Additionally, persons with a law enforcement background know the criminal justice and legal system. They understand human nature. They know how to approach people and how to talk to them so that often the person does not even realize the real reason they were questioned.
Most experienced law enforcement investigators also have extensive experience testifying in court. Through training and experience they have learned how to write comprehensive investigative reports that will withstand the scrutiny of opposing counsel and they can confidently and persuasively present evidence to a judge or jury. This is not important in every private investigation, but if there is any possibility that your case could end up in the courts someday, your case will be much stronger if the investigator is experienced and skilled in court testimony.
Do not be shy about asking what type of formal education the investigator has. Scholastic credentials alone do not make someone an outstanding investigator, but it does count for something. There is a reason the FBI, considered to be the world's premier investigative agency, requires a minimum of a Bachelors degree and seeks out recruits with law and other advanced degrees. Persons who have formal education, especially in the field of law, have demonstrated that they possess good analytical skills, know how to assimilate large amounts of information, know how to manage deadlines, and understand the nuisances of the law and how it relates to investigations. An investigator who has a good balance of academic achievement and practical experience gives you the best of both worlds. That is one reason many former FBI agents have been very successful in the private investigation business.
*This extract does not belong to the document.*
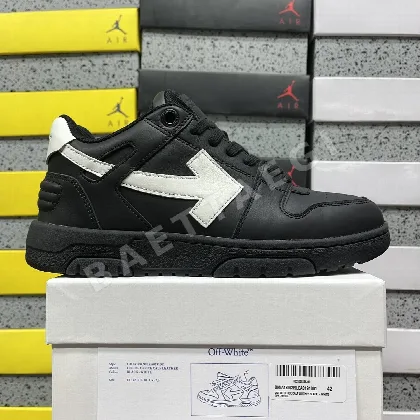 오프화이트 [KZ] 아웃 오브 오피스 OOO 로우 탑스 202489 Off White Out Of Office OOO Low Tops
So you find someone who is licensed, has considerable training and real-life investigative experience, has demonstrated academic acumen, offers clear and reasonable and fees, and does not give you the high-pressure sales pitch. But there are also the intangible qualities.
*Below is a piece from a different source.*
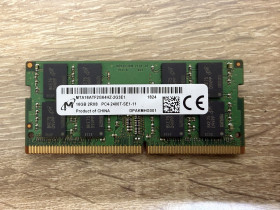 Оперативна пам'ять Оперативная память ^/--/^ Оперативна пам’ять Micron 16 /--/ GB DDR /--/ 4 2400 /--/ MHz SO-DIMM для ноутбуків - робоча ^_^^^ Оперативная память Micron 16 /--/ GB DDR /--/ 4 2400 /--/ MHz SO-DIMM для ноутбуков - рабочая - фото фото фото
How well do you connect with the investigator? Do you feel the investigator truly understands your situation and genuinely wants to help? Are your conversations with the investigator free of any denigrating or patronizing remarks? Do you feel comfortable sharing your most sensitive and personal information with this person?
When you hire an investigator the investigator should always treat you with empathy and sensitivity. After all, you are sharing personal and confidential information, often under a stressful situation, and you are trusting that the investigator will ALWAYS keep the information discovered confidential.
Look for an investigator who understands his or her position in the community. While not many investigators perform Pro Bono work or offer services based on one's ability to pay (remember, this is a for-profit business), some do. Some of the best investigators understand that being a licensed private investigator is a privilege - not a right. They understand that sometimes providing pro bono services or offering reduced fees for people who truly have an important investigative need and have limited ability to pay is just the right thing to do.